Correlation Between Alphabet and Singapore Technologies
Can any of the company-specific risk be diversified away by investing in both Alphabet and Singapore Technologies at the same time? Although using a correlation coefficient on its own may not help to predict future stock returns, this module helps to understand the diversifiable risk of combining Alphabet and Singapore Technologies into the same portfolio, which is an essential part of the fundamental portfolio management process.
By analyzing existing cross correlation between Alphabet Inc Class A and Singapore Technologies Engineering, you can compare the effects of market volatilities on Alphabet and Singapore Technologies and check how they will diversify away market risk if combined in the same portfolio for a given time horizon. You can also utilize pair trading strategies of matching a long position in Alphabet with a short position of Singapore Technologies. Check out your portfolio center. Please also check ongoing floating volatility patterns of Alphabet and Singapore Technologies.
Diversification Opportunities for Alphabet and Singapore Technologies
-0.49 | Correlation Coefficient |
Very good diversification
The 3 months correlation between Alphabet and Singapore is -0.49. Overlapping area represents the amount of risk that can be diversified away by holding Alphabet Inc Class A and Singapore Technologies Enginee in the same portfolio, assuming nothing else is changed. The correlation between historical prices or returns on Singapore Technologies and Alphabet is a relative statistical measure of the degree to which these equity instruments tend to move together. The correlation coefficient measures the extent to which returns on Alphabet Inc Class A are associated (or correlated) with Singapore Technologies. Values of the correlation coefficient range from -1 to +1, where. The correlation of zero (0) is possible when the price movement of Singapore Technologies has no effect on the direction of Alphabet i.e., Alphabet and Singapore Technologies go up and down completely randomly.

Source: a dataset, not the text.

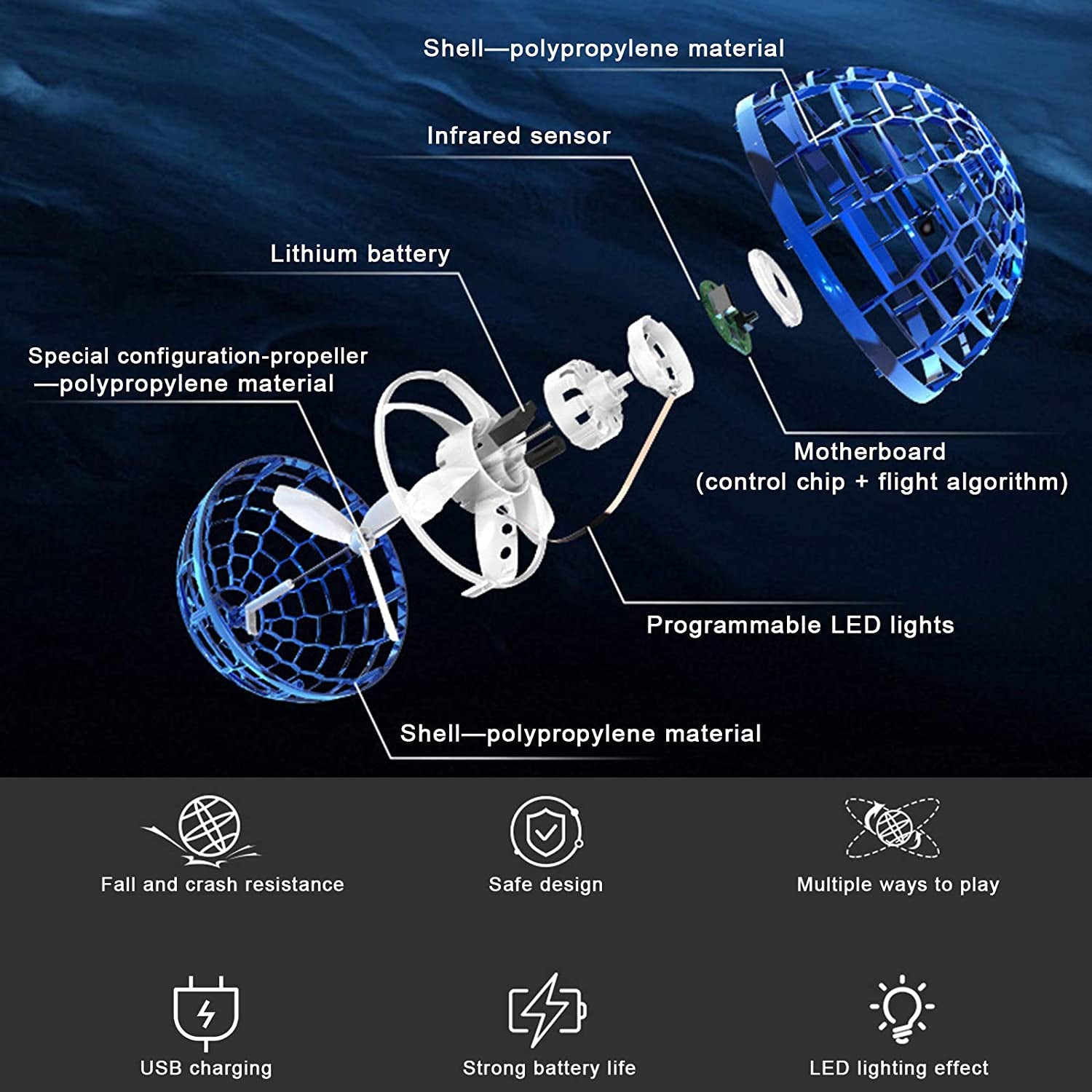 360°Rotating Flying Ball With Built-in RGB Lights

Pair Corralation between Alphabet and Singapore Technologies
Assuming the 90 days horizon Alphabet is expected to generate 1.06 times less return on investment than Singapore Technologies. But when comparing it to its historical volatility, Alphabet Inc Class A is 1.34 times less risky than Singapore Technologies. It trades about 0.08 of its potential returns per unit of risk. Singapore Technologies Engineering is currently generating about 0.06 of returns per unit of risk over similar time horizon. If you would invest 2,794 in Singapore Technologies Engineering on October 12, 2024 and sell it today you would earn a total of 655.00 from holding Singapore Technologies Engineering or generate 23.44% return on investment over 90 days.

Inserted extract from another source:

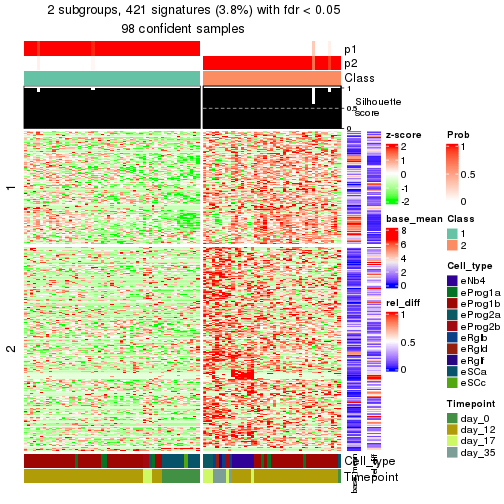 plot of chunk tab-node-033-get-signatures-1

Time Period | 3 Months [change] |
Direction | Moves Against |
Strength | Very Weak |
Accuracy | 95.19% |
Values | Daily Returns |
Alphabet Inc Class A vs. Singapore Technologies Enginee
Performance |
Timeline |
Alphabet Class A |
Singapore Technologies |
Alphabet and Singapore Technologies Volatility Contrast
Predicted Return Density |
Returns |
Pair Trading with Alphabet and Singapore Technologies
The main advantage of trading using opposite Alphabet and Singapore Technologies positions is that it hedges away some unsystematic risk. Because of two separate transactions, even if Alphabet position performs unexpectedly, Singapore Technologies can make up some of the losses. Pair trading also minimizes risk from directional movements in the market. For example, if an entire industry or sector drops because of unexpected headlines, the short position in Singapore Technologies will offset losses from the drop in Singapore Technologies' long position.The idea behind Alphabet Inc Class A and Singapore Technologies Engineering pairs trading is to make the combined position market-neutral, meaning the overall market's direction will not affect its win or loss (or potential downside or upside). This can be achieved by designing a pairs trade with two highly correlated stocks or equities that operate in a similar space or sector, making it possible to obtain profits through simple and relatively low-risk investment.Singapore Technologies vs. Qinetiq Group PLC | Singapore Technologies vs. Rotork plc | Singapore Technologies vs. Singapore Technologies Engineering | Singapore Technologies vs. Leonardo SpA ADR |
Check out your portfolio center.Note that this page's information should be used as a complementary analysis to find the right mix of equity instruments to add to your existing portfolios or create a brand new portfolio. You can also try the Portfolio Comparator module to compare the composition, asset allocations and performance of any two portfolios in your account.